CHLORINE TABS, POWDER AND LIQUID
By far the most popular way of getting chlorine in the pool.
You buy chlorine and use it in one of these three ways.
LIQUID CHLORINE
Liquid chlorine is "Sodium Hypochlorite".
Mostly used as a shock, liquid chlorine can be used as the primary sanitizer but getting it into the pool consistently to keep up with loss and demand makes it difficult for residential use.
You need a liquid pump system for it to be effective. Other than for shock then, liquid chlorine is primarily used only for commercial applications where they have big tanks to hold and pump it into the pool.
POWDERED CHLORINE
The powdered version of chlorine comes in various forms.
Chlorine can be manufactured from sodium or calcium and powdered versions are typically sodium di-chlor or cal-hypo (calcium hypochlorite).
Powdered chlorine is generally used for shocking the pool only due to the same issues as liquid. There is no daily delivery method besides you going out and dumping it in.
RIDING THE ROLLER COASTER
Because there is no good delivery system for liquid or powdered chlorine, most people using them as a sanitizer "ride the roller coaster".
Sanitizers are what you test for on the test kit you have.Â
There is a range you need to keep the sanitizer in for it to be effective.
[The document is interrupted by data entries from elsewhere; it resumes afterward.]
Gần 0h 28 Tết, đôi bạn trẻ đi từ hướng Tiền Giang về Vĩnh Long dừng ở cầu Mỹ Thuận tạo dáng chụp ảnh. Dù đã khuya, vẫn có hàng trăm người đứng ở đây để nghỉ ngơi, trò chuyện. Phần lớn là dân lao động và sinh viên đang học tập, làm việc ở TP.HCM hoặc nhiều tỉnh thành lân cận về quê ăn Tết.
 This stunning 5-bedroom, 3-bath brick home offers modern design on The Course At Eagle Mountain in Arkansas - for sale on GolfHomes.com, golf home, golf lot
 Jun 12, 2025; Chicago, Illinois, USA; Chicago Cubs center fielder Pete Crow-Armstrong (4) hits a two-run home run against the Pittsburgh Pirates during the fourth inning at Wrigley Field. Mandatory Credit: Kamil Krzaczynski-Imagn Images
Too low and you get stuff growing in the pool.
Too high and you irritate people, bleach out liners or prevent the pool from being used at all.
When you add just the right amount of chlorine, either liquid or powder, your test kit says good job.
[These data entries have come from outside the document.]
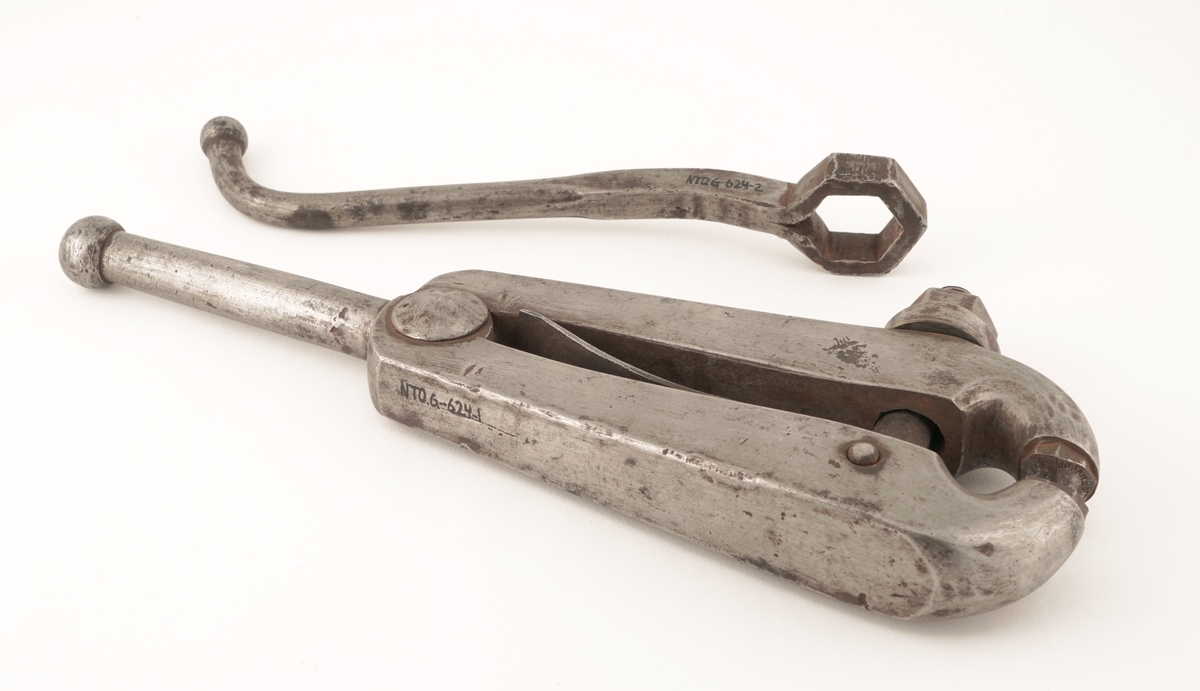 Plomberingstang av metall med skrumekanisme og nøkkel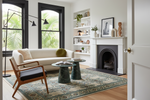 Modern living room with a white sofa, green rug, wooden armchair, and a fireplace.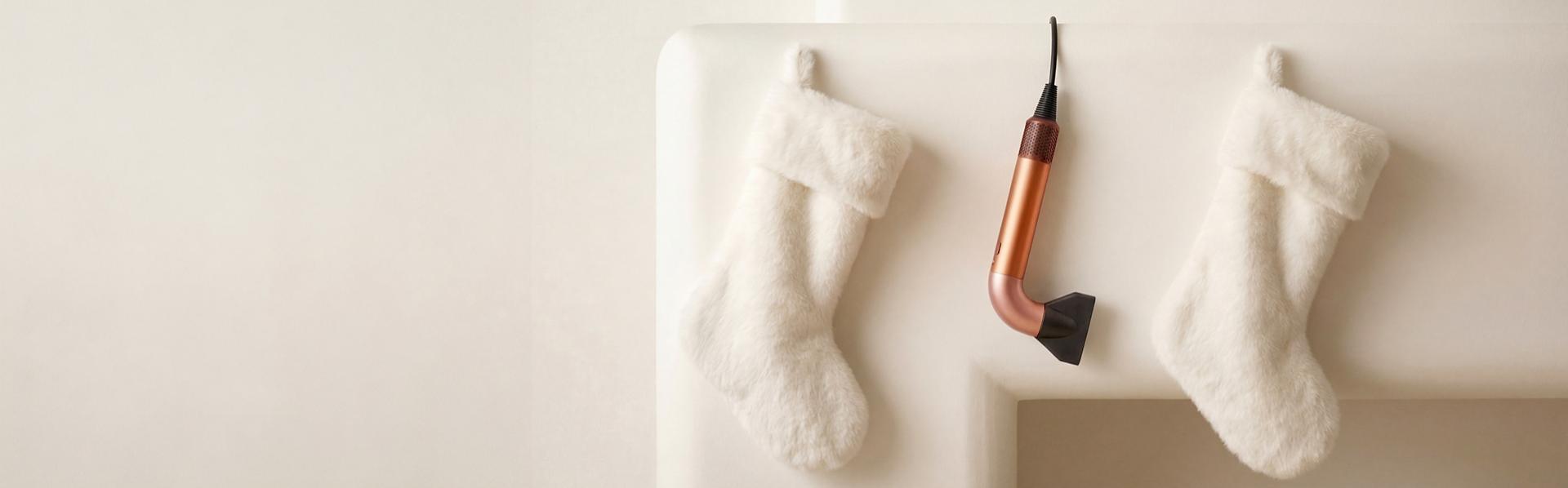 The Dyson Supersonic r hair dryer hanging in a line between a pair of Christmas stockings.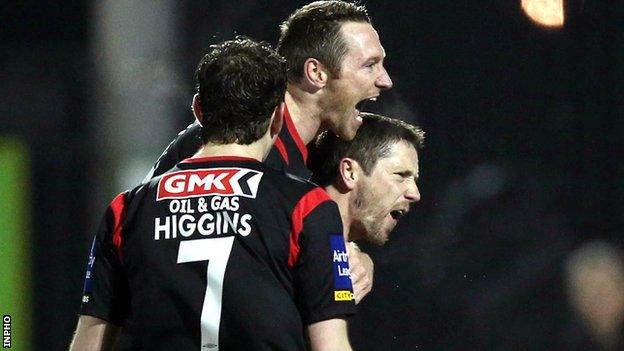 Rory Patterson (right) celebrates after scoring his second penalty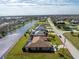 Aerial view of home with water view, manicured lawn, pool, and three-car garage at 849 Rotonda Cir, Rotonda West, FL 33947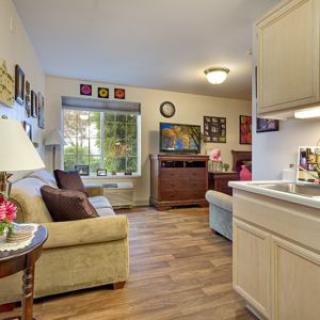 A cozy living room with a sofa, TV, and wooden flooring.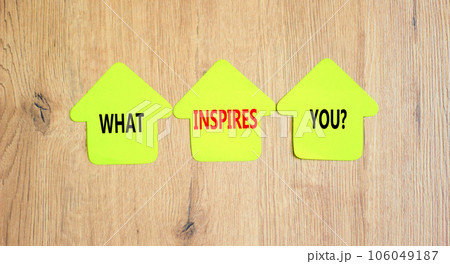 What inspires you symbol. Concept words What inspires you on beautiful yellow paper house. Beautiful wooden background. Business motivational what inspires you concept. Copy space. 106049187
Chlorine starts going away almost immediately and at some point your test kit says add more, probably the next day.
So to keep the chlorine in the good range you have to add it daily or twice daily or three times a day depending on use, rain etc.
No one does that. You dump a enough chlorine in to last three days or more and repeat. It's really high on day one and all but gone by day three.
This is the Roller Coaster.
High chlorine, low chlorine, up and down on and on.
Somewhere in the middle your test strip reads "ok" but before long, not ok.
This method guarantees one of two things;
You will spend more on chlorine because you add so much the test is always high or you will have to spend more to fix a problem because the chlorine got too low.
ENTER THE TABLET
If you want a reliable, steady delivery method without spending big dollars on a liquid chlorine tank and pump system, a tablet feeder gets the job done quite well for about a hundred bucks.
Yes you can throw a tablet in the skimmer or put it in a floater but those methods have no control over the amount of erosion that takes place.
No one tests the water and if the chlorine is too high, takes a half melted tablet out of the skimmer. What do you do with the thing after removal?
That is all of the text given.